▸ EXERCISE
Exact duplicates of the lines from the top of the data through the line containing "Schriftzug am Rathaus" are needed, with every picture left out.

[Data records]
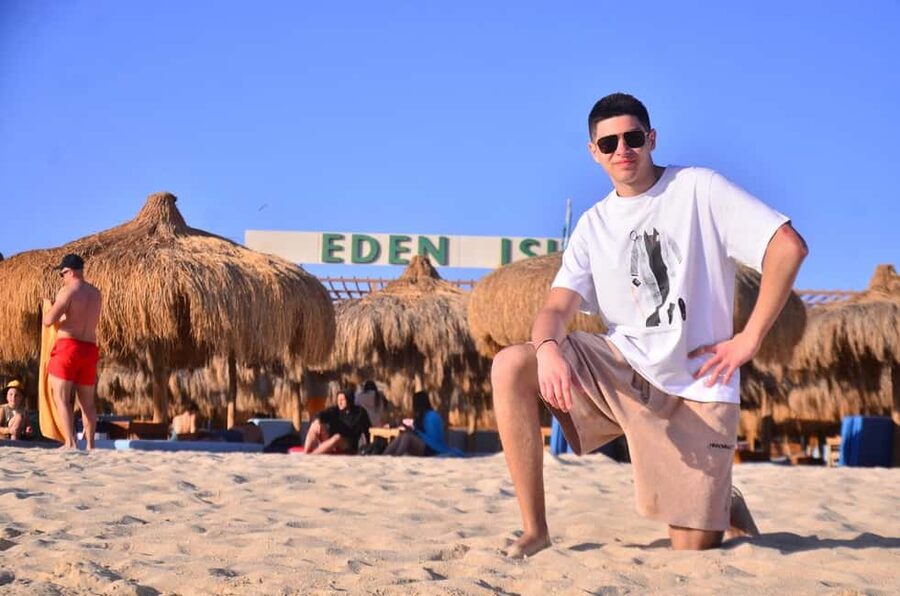 Hurghada: Eden Island Day Trip with Water Sports and Lunch - The boat ride to Eden Island
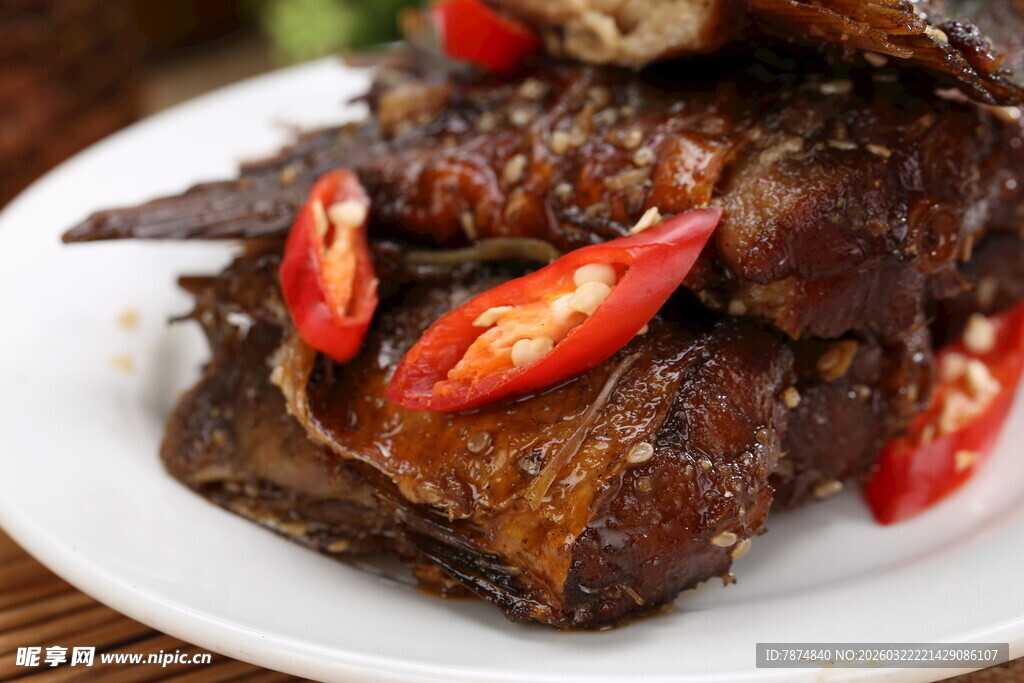 香辣诱人的红烧鱼块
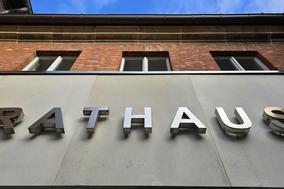 Schriftzug am Rathaus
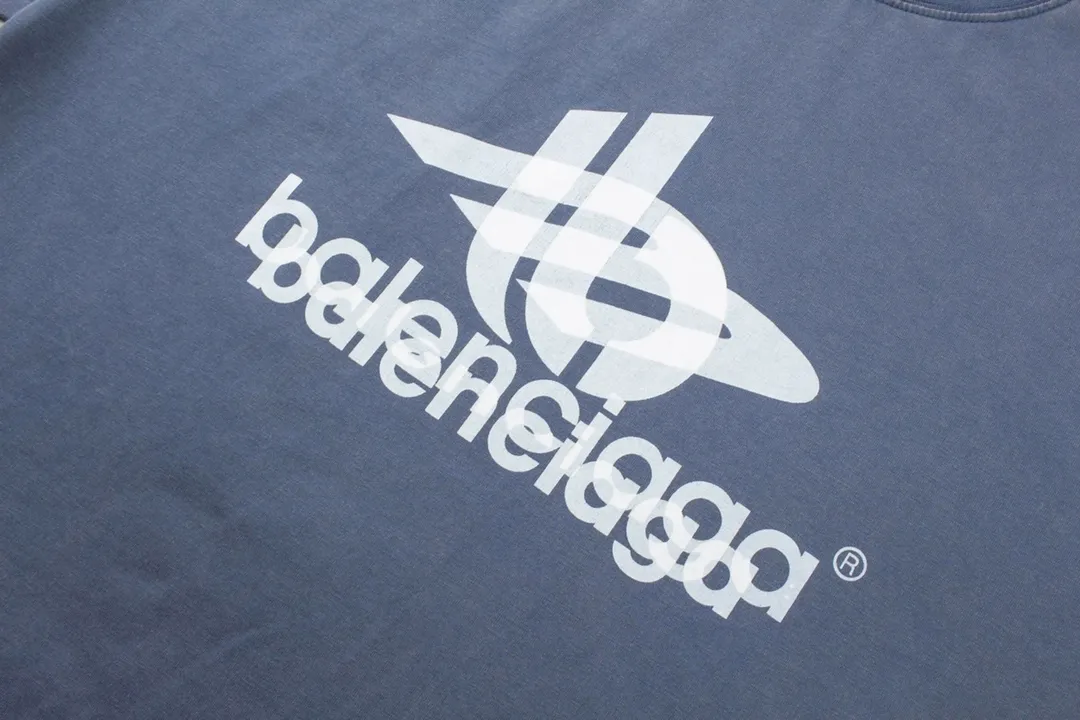 🅿️180 detailed pictures [Top version. Official website quality] BALENCI*GA/Paris. 2024 new style. Phantom double LOGO classic pattern printed washed and distressed short-sleeved T-shirt. Brick cabinet synchronization. Genuine product developed at the first time, happy to print and compare! The fabric is made of Paris ZP custom-woven and dyed cotton with double yarns and compact cotton. The weight is 260 grams. The cloth surface is clean. The cloth pattern is clear, soft and comfortable. The threads are dyed with no color difference. The classic printing is made of environmentally friendly imported materials, with LOGO phantom effect, clear letters and three-dimensional effect. Restore the brick cabinet. Ready-made clothes are washed and distressed, different market currency, welcome to compare, the version adopts OS loose shoulder version. Same style for men and women Coding: BL223219 Color: Mist Blue Size: XS to L
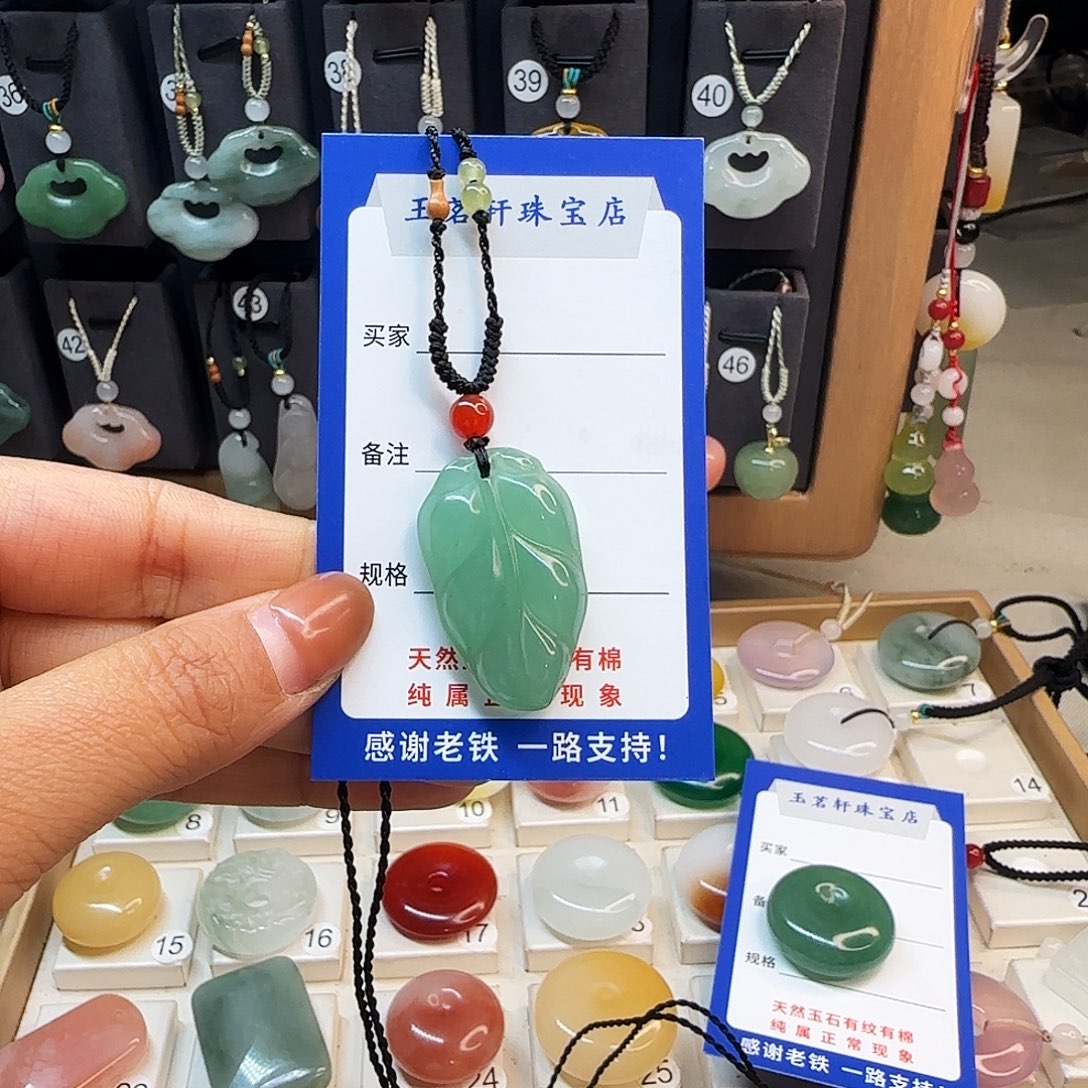 石英质玉未镶嵌颈饰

▸ ANSWER SECTION
 Hurghada: Eden Island Day Trip with Water Sports and Lunch - The boat ride to Eden Island
 香辣诱人的红烧鱼块
 Schriftzug am Rathaus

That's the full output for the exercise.